With the overwhelming pace of technological change, does the story of a tool matter as much as the tool itself? To explore this question, we are inviting writers, makers, and other creatives to help us get out of the technical weeds, see the bigger picture of emerging tech, and understand why it matters (or not) in our daily lives.

In this post, science writer Shannon Fischer talks with Mike Chadwick and Rob Caudill about the AI Sonobuoy project, a low-cost hydrophone that uses AI to process sound data collected at sea. If you are interested in collaborating with us on future projects or storytelling, get in touch at
labsinfo@iqt.org

It’s unusual for the engineers and data scientists of IQT Labs to deliberately drop their finely crafted electronics into large bodies of water. But for one of the Labs’ latest creations, the AI Sonobuoy, getting tossed out of a boat was exactly what was needed.

The AI Sonobuoy is IQT Labs’ latest exploration in edge technology. It builds on the work of the Teachable Camera, the lab’s 2020 video camera that uses computer vision AI on the camera to learn to identify customized objects of interest, like cars—or rabbits.

The core advance for both of these projects is what’s called Tiny Machine Learning, or TinyML—literally AI hardware shrunken down so much that it can be run on physically tiny, inexpensive, low-powered chips. This means that where traditional AI requires heavy computing and server capacity, plus power to run it, TinyML processing can happen on sensors deployed in the field—the ‘edge’—running on inexpensive parts that anyone can order off the Internet.

Mike Chadwick, Deputy Director of IQT Labs, calls TinyML a compelling shift in the capability in AI. “It really changes the types of things you might think to build once you realize this is so accessible,” he says. The Sonobuoy project, he explains, serves as a way for IQT to explore that new capability, demonstrating what is possible on this new frontier in AI.

Sink or Swim

For a couple of reasons, the maritime environment offered an intriguing platform on which to experiment with TinyML. Boats are easily available and their propellers make distinctive sounds in the water, which the IQT Labs team reasoned they could use as “wake words”—just as ‘Hey Siri’ rouses Apple’s AI. Second, activity in the marine setting is tracked by what’s called the Automatic Identification System or AIS, a positional signal broadcast used by nearly all commercial and many recreational craft to prevent collisions, meaning all audio of boats could be cross-checked with official data confirming if a craft was present.

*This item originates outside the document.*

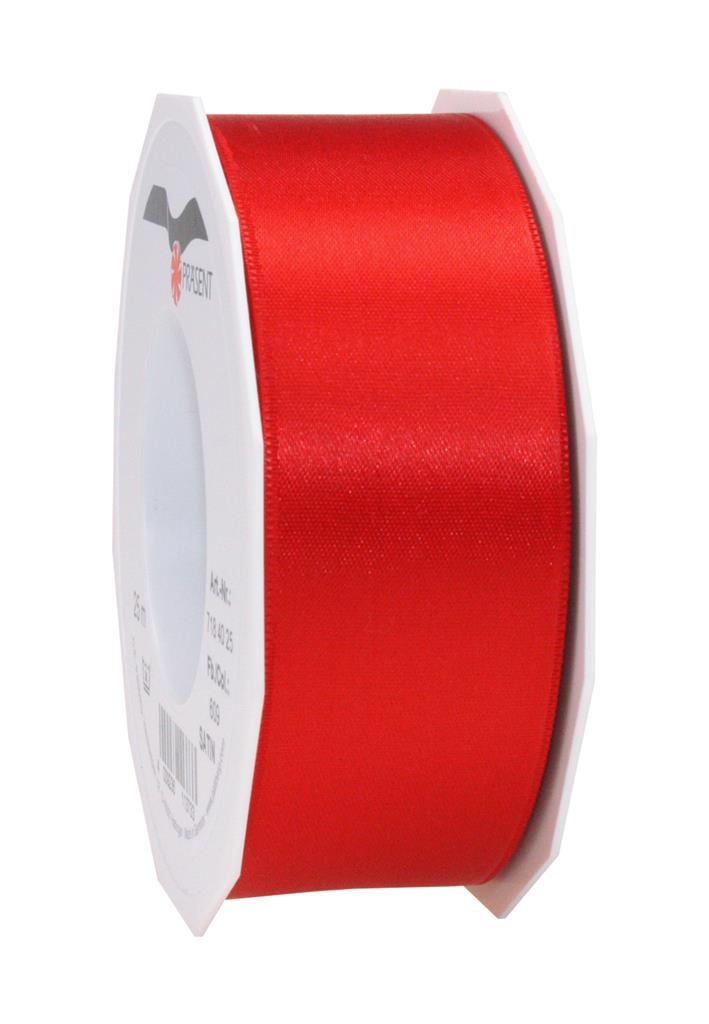 Nastro Satin Red 40Mm X 25Ml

Before they even started designing, the team did a dry run with a Makerbuoy, an open-source creation by Wayne Pavalko at Johns Hopkins University Applied Physics Laboratory. Versions of Makerbuoys have been successfully deployed for multiple years and thousands of miles; the IQT Labs’ Maker, however, thrown off a boat outside of Miami, made it as far as Jacksonville before it disappeared, never to be seen or heard from again. “We learned that we’re pretty good at AI,” Chadwick says. “We are not as good at making things float.”

That failure however, proved a valuable first lesson in what it means to work on the edge. Because devices may not be recoverable, the team needed to brainstorm every type of failure imaginable, which in this case meant anything from failing to waterproof the device adequately, to a shark attack. By the time they were ready to engineer the AI Sonobuoy, Chadwick and his team had already thought through almost every way that things could go wrong with the device. 

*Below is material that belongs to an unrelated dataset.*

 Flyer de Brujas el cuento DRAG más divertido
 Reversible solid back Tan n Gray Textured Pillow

Ultimately, the project has resulted in two separate but related devices. The Detector is the sonobuoy part of the project, cheap and expendable if lost. The exterior is comprised of a length of PVC pipe, equipped with an underwater microphone (hydrophone) that connects to an Adafruit microcontroller running the TinyML program (hardware listed at end, and more technical info available here). When a noise occurs nearby, the hydrophone runs the noise through its ML model of boat noises. If it recognizes a boat sound, it alerts IQT currently through a cell connection—but the final version will be satellite-enabled; sounds that aren’t a boat get ignored. A small basic lithium battery powers the whole thing for up to two to three months.

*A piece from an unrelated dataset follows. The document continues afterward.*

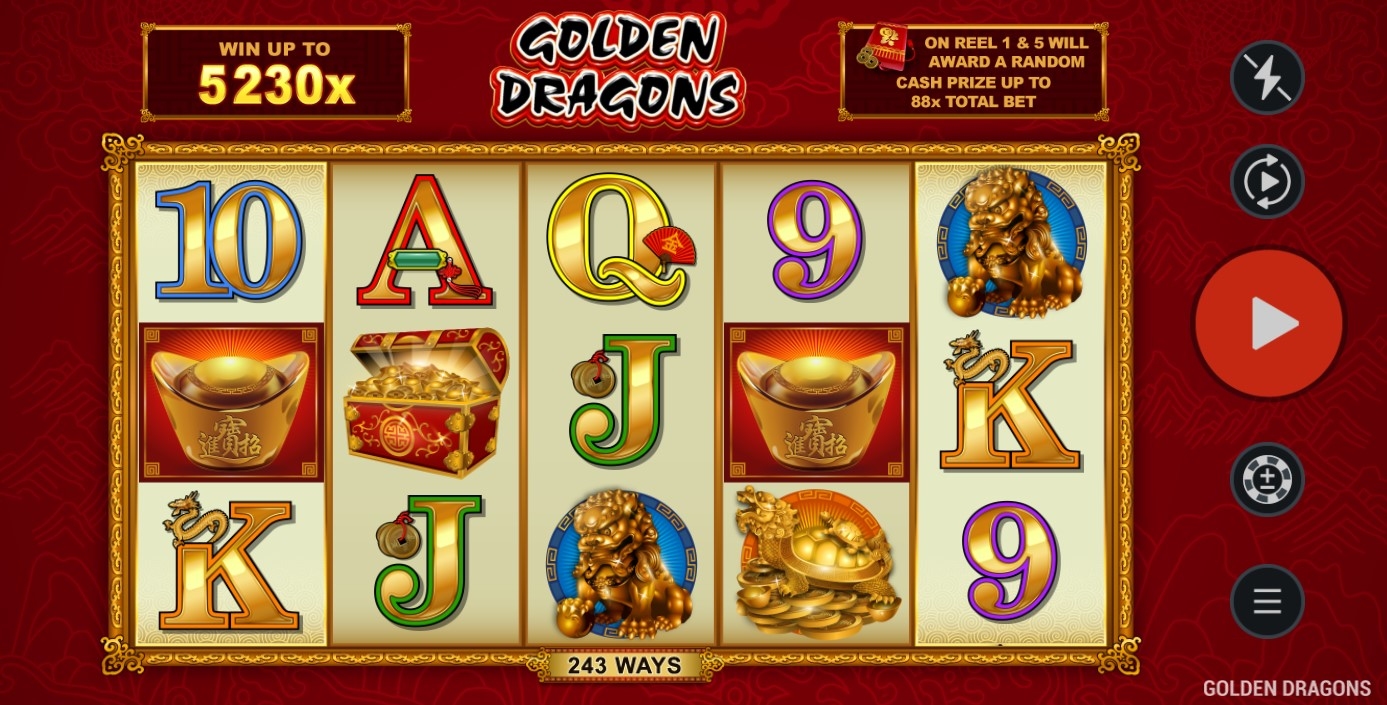 Golden Dragons Slot Gameplay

The Collector is comprised of a plastic container that houses a Raspberry Pi, an AIS receiver, and a solar-powered battery (additional technical material here). It sits on a dock, hydrophone dangling into the water, recording audio and AIS data to upload to the cloud for labeling for the ML model. (Keeping the Collector safe and dry on a dock, incidentally, is a design decision made after the first incarnation of the Collector was positioned underwater. That Collector disappeared for 11 days in the Columbia River, before returning, full of water, in the hands of a kindly fisherman.)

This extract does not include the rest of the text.